Astronaut and robotic spacecraft on the Moon.

Alan Bean examines the Surveyor 3 spacecraft during his second extravehicular activity (EVA) on the moon on Nov. 20, 1969. Robotic Surveyor spacecraft pioneered the technology that enabled Apollo astronauts to reach the moon. Credit: NASA

Before astronauts ever landed on the moon, the Soviets and the Americans sent a fleet of robotic spacecraft to scout the way. In the American program, first came the crash-landing Rangers, then the Lunar Orbiters, all of which sent some of the earliest dispatches about what people could expect to find on the moon's still-mysterious surface. Among the most ambitious of these robotic reconnaissance missions were the Surveyors, which proved it was possible to perform a soft landing on the moon--and survive long enough to send word home.

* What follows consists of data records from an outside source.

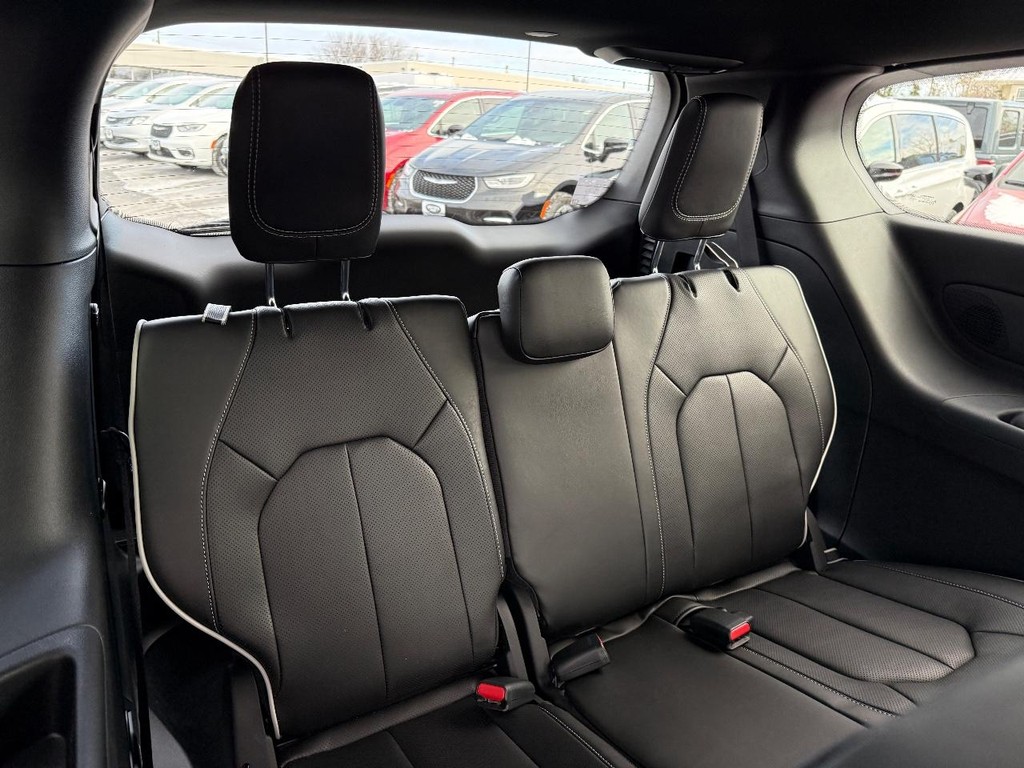 Chrysler Pacifica Vehicle Full-screen Gallery Image 11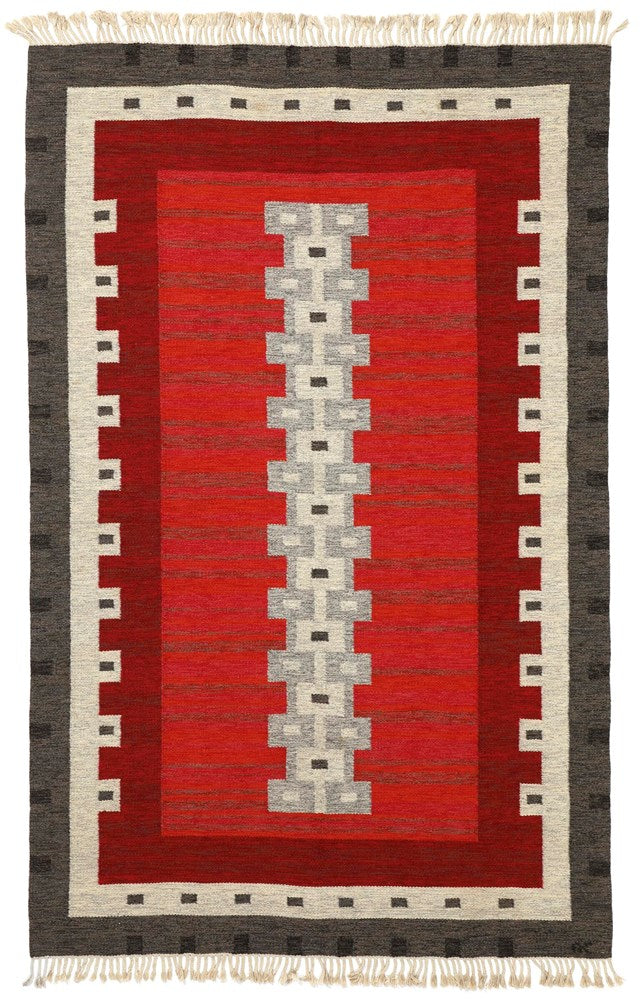 Aina Kånge: Handwoven wool carpet in “rölakan” flatweave technique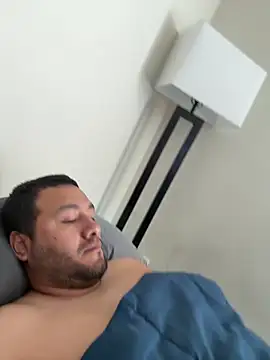 elamante03 online show from March 10, 1:10 pm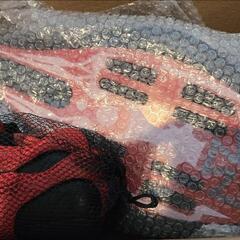 リップスティック　ヘルメット、膝当てつきの画像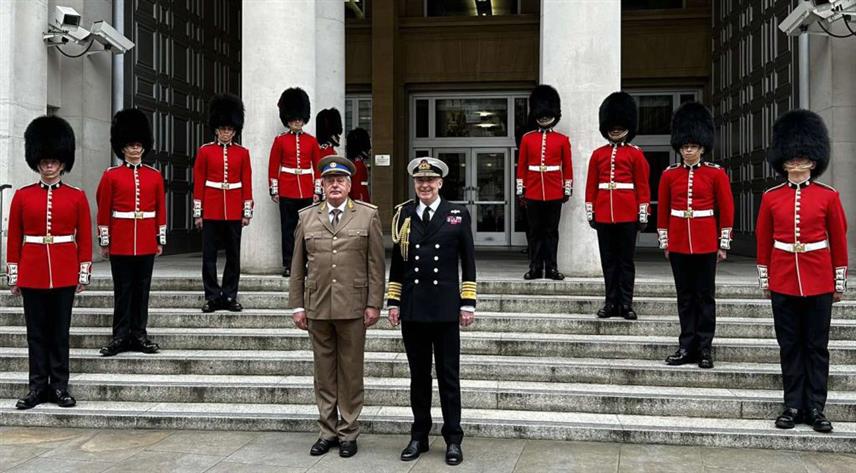 САРАЈЕВО, 19. ЈУЛА /СРНА/ - Начелник Заједничког штаба Оружаних снага БиХ генерал-пуковник Гојко Кнежевић у Великој Британији присуствује авио-митингу РИАT 2024, једном од највећих у свијету на којем се очекује учешће више од 100 авиона из 25 земаља, као и долазак око 150.000 посјетилаца.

Surveyor 3 landed on April 20, 1967, in Oceanus Procellarum, the "Ocean of Storms." It alighted in a small crater about 200 meters across, which was later named Surveyor crater in honor of its alien visitor from Earth. The lander transmitted more than 6,000 pictures of the surrounding terrain. It also scooped up and analyzed lunar soil, which allowed scientists to determine that the soil had a consistency similar to wet sand, solid enough to allow the upcoming Apollo missions to land.

Surveyor 3 continued to operate for several days. Controllers at NASA last made contact on May 4, 1967, two Earth days after the lunar night began and left the solar-powered spacecraft in the dark.

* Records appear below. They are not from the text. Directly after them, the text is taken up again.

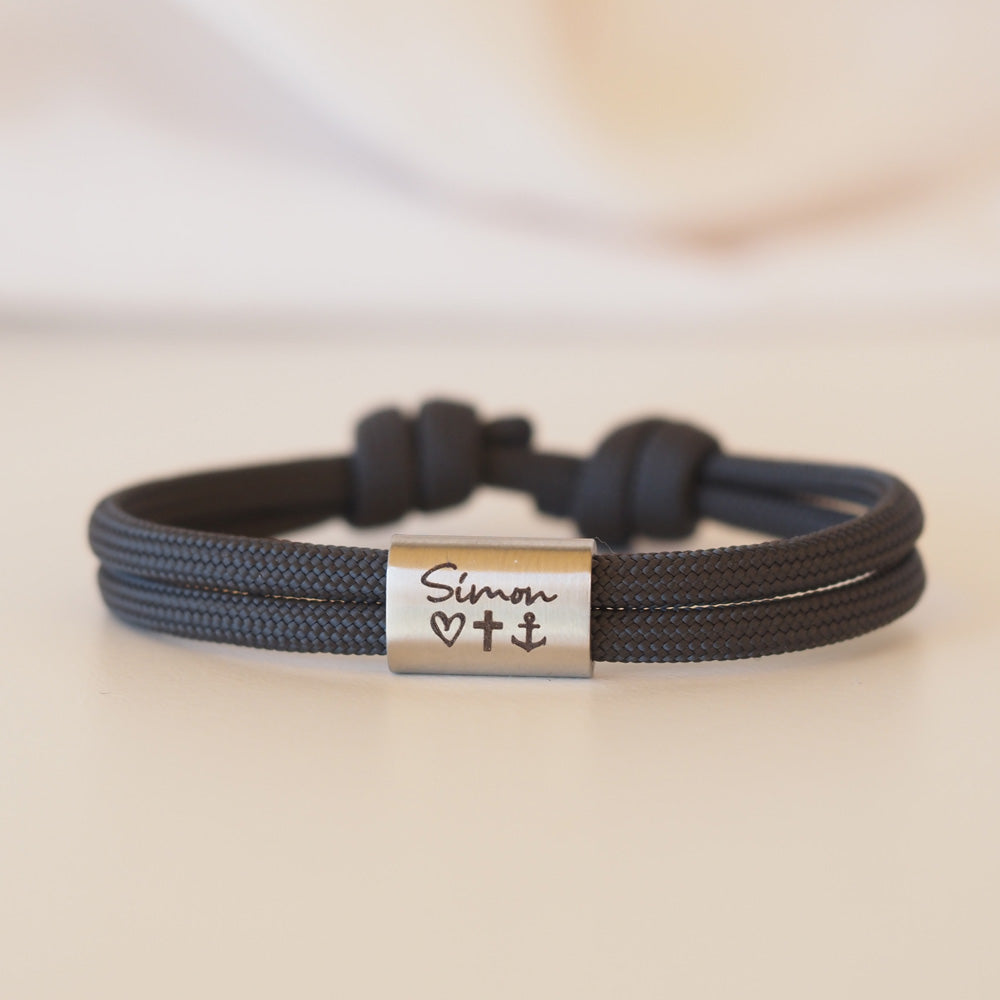 Segeltauarmband zur Kommunion mit personalisierten Edelstahlschiebern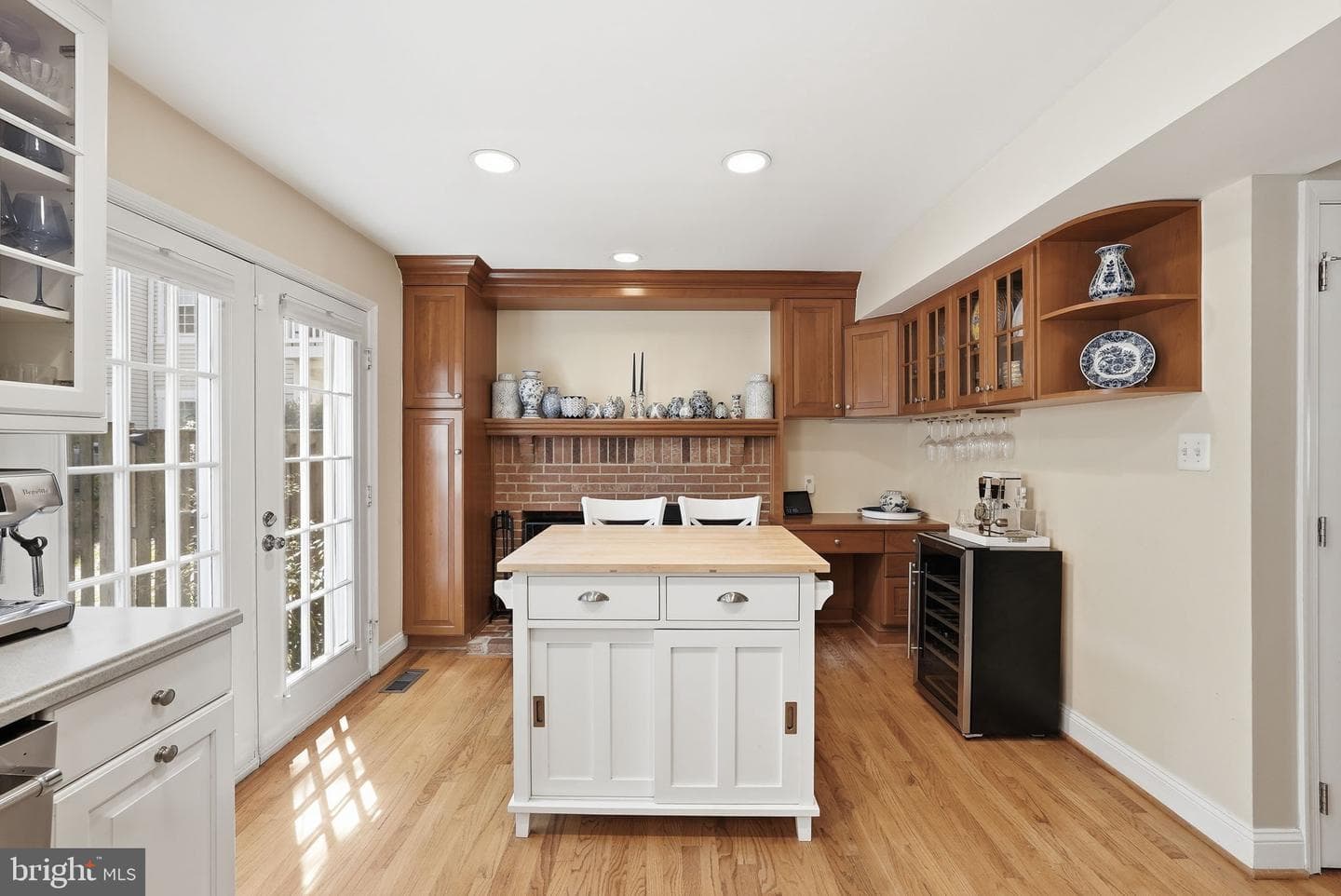 2556 S Arlington Mill Dr #3 photo 12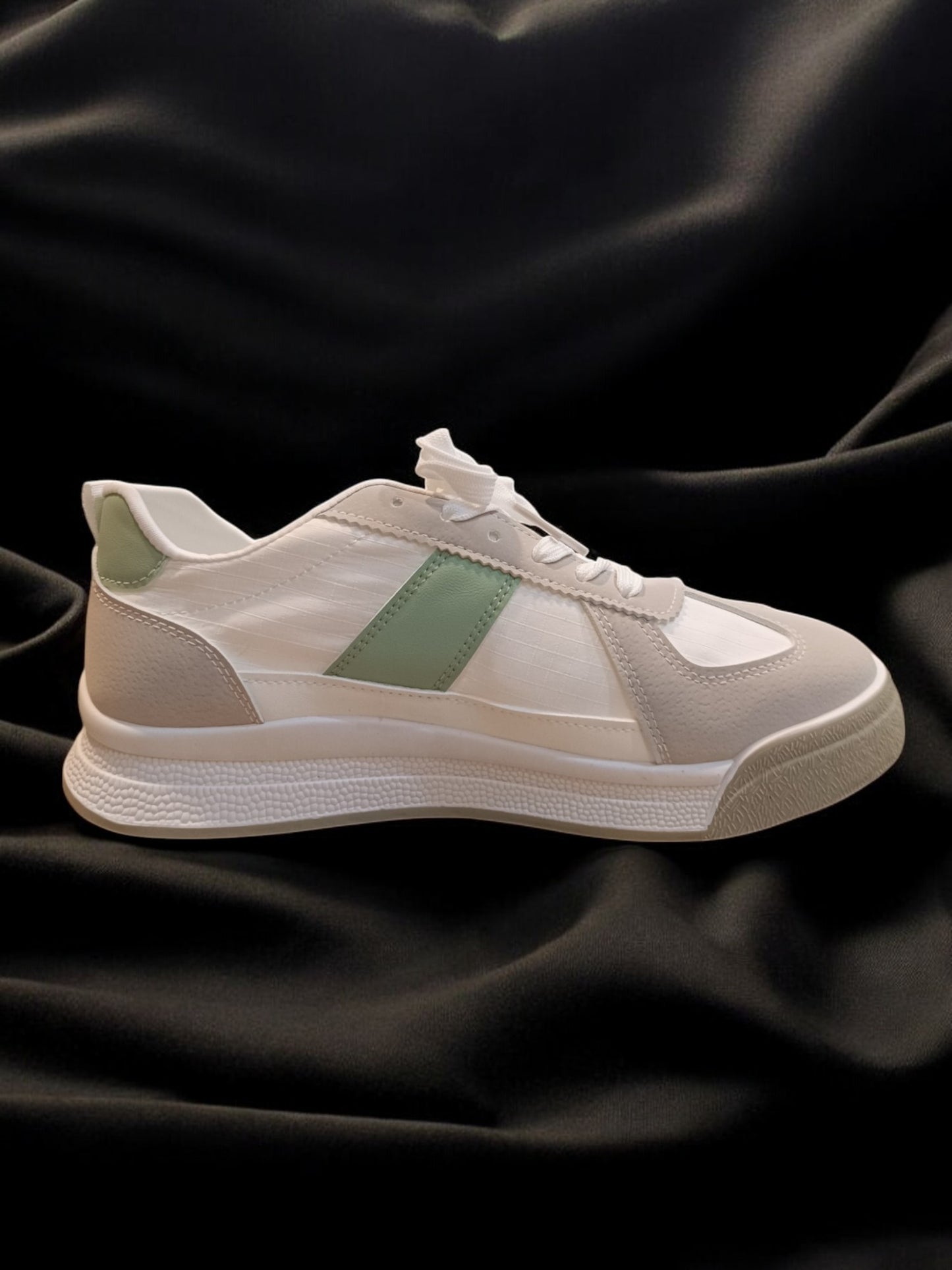 Aces Skywalk Urban green Men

For two-and-a-half years, Surveyor waited in the unbreakable lunar silence. Then, on Nov. 19, 1969, the Apollo 12 mission demonstrated the lunar module's capability to make a pinpoint landing. Astronaut Charles "Pete" Conrad Jr. set the craft down on the edge of Surveyor crater, just 170 yards (155 meters) from the Surveyor spacecraft. After a short hike, he and fellow astronaut Alan Bean walked right up to the faithful robotic scout.

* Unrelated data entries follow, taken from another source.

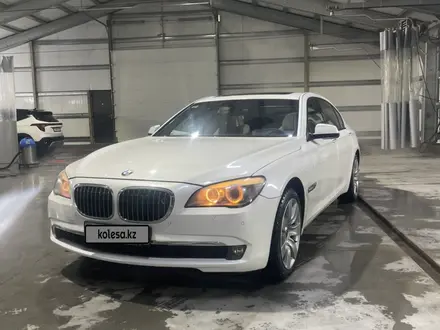 BMW 750 2010 года за 9 100 000 тг. в Алматы – фото 23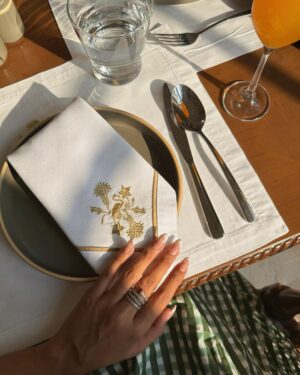 Gurleen Dahelay Instagram - a gingham affair💚
lunching at the Trellis Room @rafflesudaipur lakeshore and we were served with immaculate food and views altogether✨🦢
wearing: @truffle_india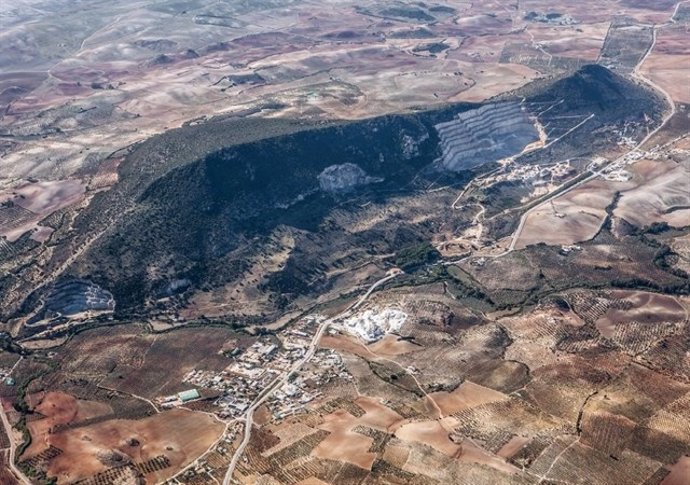 Archivo - Imagen de la Sierra de Morón con la cantera de Sidemosa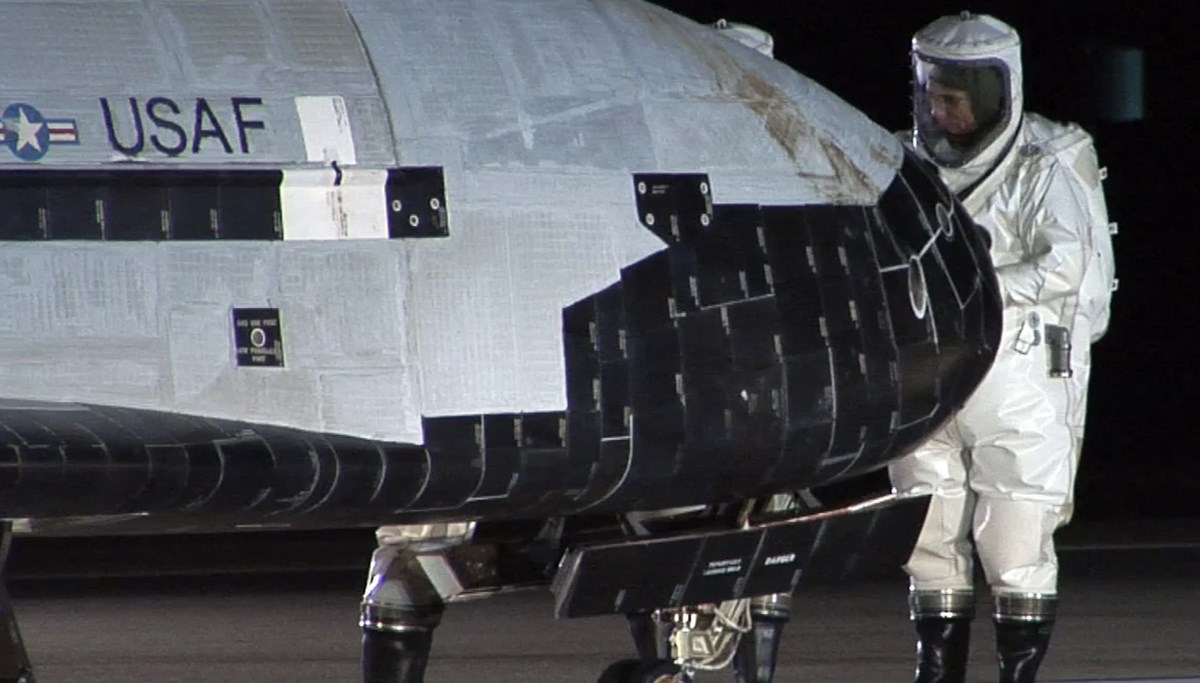 SpaceX, ABD ordusuna ait gizemli uzay uçağı X-37B'nin kalkış tarihini erteledi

Human beings and their mechanical forerunner had met on another world. It was the first and only time this has ever happened.

The astronauts removed parts from Surveyor 3, including the soil scoop and camera system, and brought them back to Earth. Scientists were then able to study the effects of years of exposure on the Moon's surface. You can see Surveyor's scoop today in a display at NASA's Jet Propulsion Laboratory in California.

Almost 45 years later, a powerful camera aboard the Lunar Reconnaissance Orbiter, another robotic moon explorer still operating today, imaged the landing scene in Oceanus Procellarum. In these pictures it's possible to pick out the Apollo lander, astronaut footpaths, and Surveyor 3, still carrying out its long, silent vigil in the Ocean of Storms.